Energy Surging into PPI Future

Since the Great Recession, the Producer Price Index (PPI) has been irrelevant.  Whatever price increases occurred – the supply chain simply absorbed.  Price increases for the most part were not passed on to the consumer.

In the December, 2010 PPI release there is a big slug of increased costs in the pipeline, energy (aka fuel for your car, boat, truck, train – and, for many, fuel oil to heat their house).  Because margins are small in the distribution chain, this cost will end up appearing in the CPI.  The headlines from the press release:

The Producer Price Index for Finished Goods rose 1.1 percent in December, seasonally adjusted, the U.S. Bureau of Labor Statistics reported today. This advance followed increases of 0.8 percent in November and 0.4 percent in October and marks the sixth straight rise in finished goods prices. At the earlier stages of processing, prices received by manufacturers of intermediate goods moved up 1.0 percent, and the crude goods index increased 4.0 percent.
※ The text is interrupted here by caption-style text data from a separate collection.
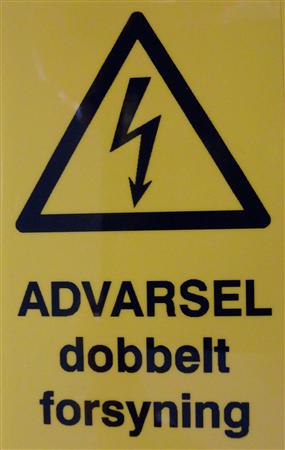Skilt Advarsel Dobb. Forsyning ⎮ 9897900000 ⎮ 981000092 ⎮ 9897900000 ⎮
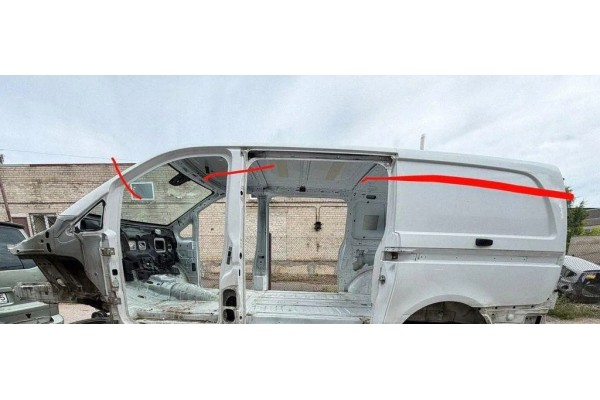 Roof MERCEDES BENZ VITO Van W447 A6396572909 1 6L diesel 84kW 2015 Catalog number of the part A6396572909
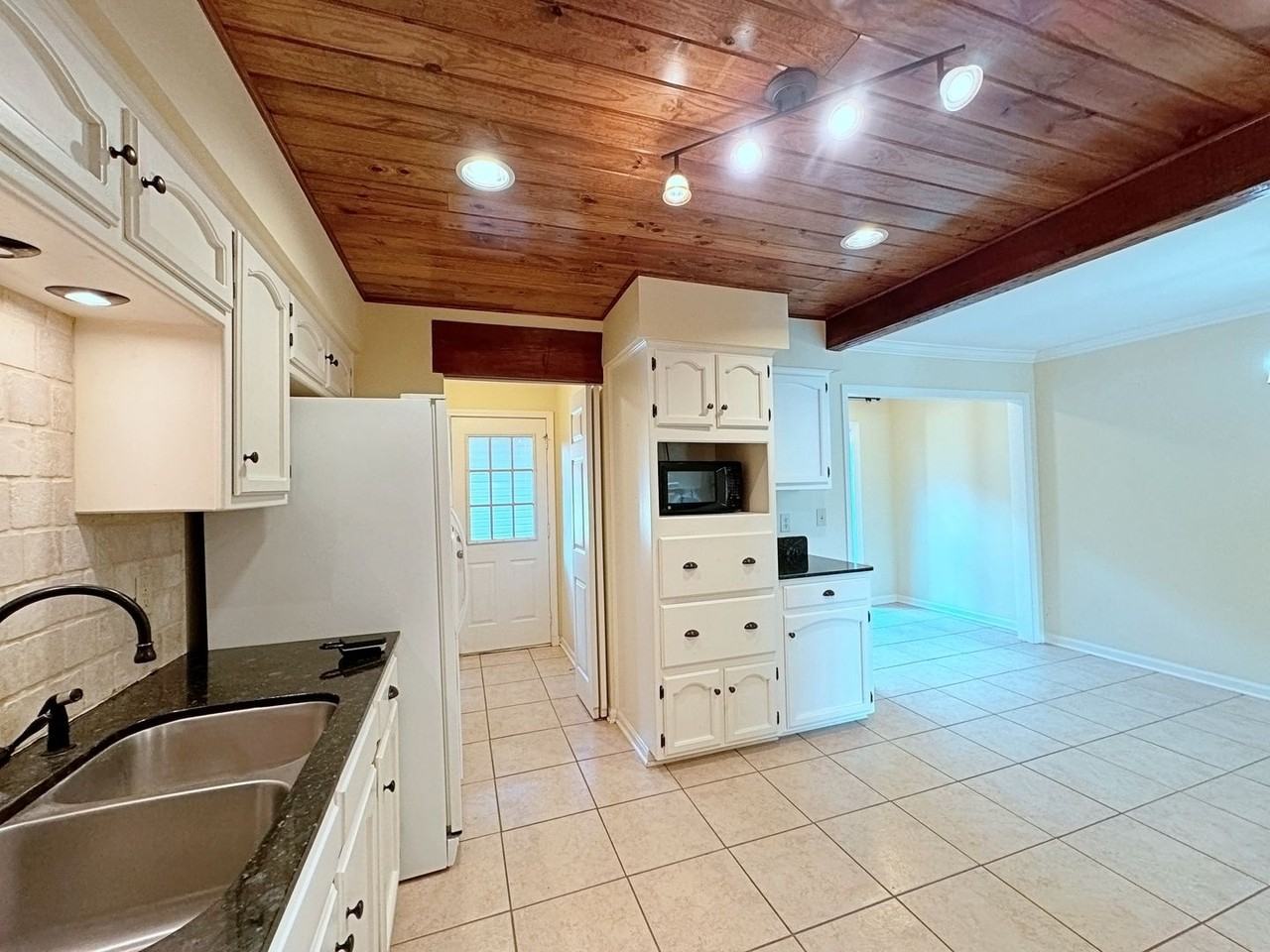 9925 Jefferson Hwy - Photo 3 of 38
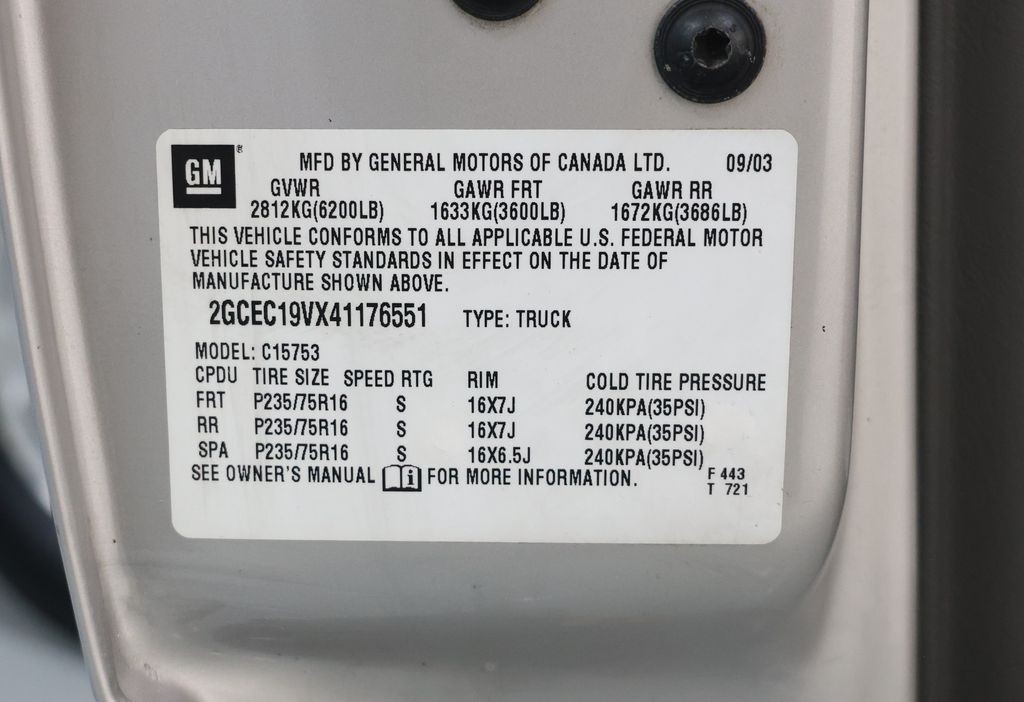 Chevrolet Silverado 1500 Vehicle Full-screen Gallery Image 67
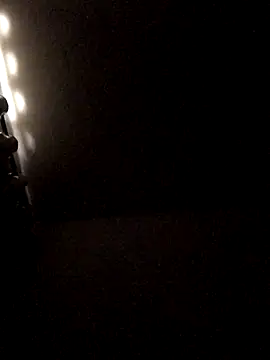 Snapshot of MusaAyla chatting on 12-14-25, 03:28 MusaAyla online show from 12-14-25, 03:28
On an unadjusted basis, prices for finished goods advanced 4.0 percent in 2010 after climbing 4.3 percent in 2009.

Three-quarters of the increase in the finished goods for the PPI are from energy.  The PPI YoY increases have been in the 4% range for 2010.

The big price change this month in finished goods (other than energy) within the finished goods of the PPI were vegetables and fruits (up 15% to 23%) and eggs (down 16%).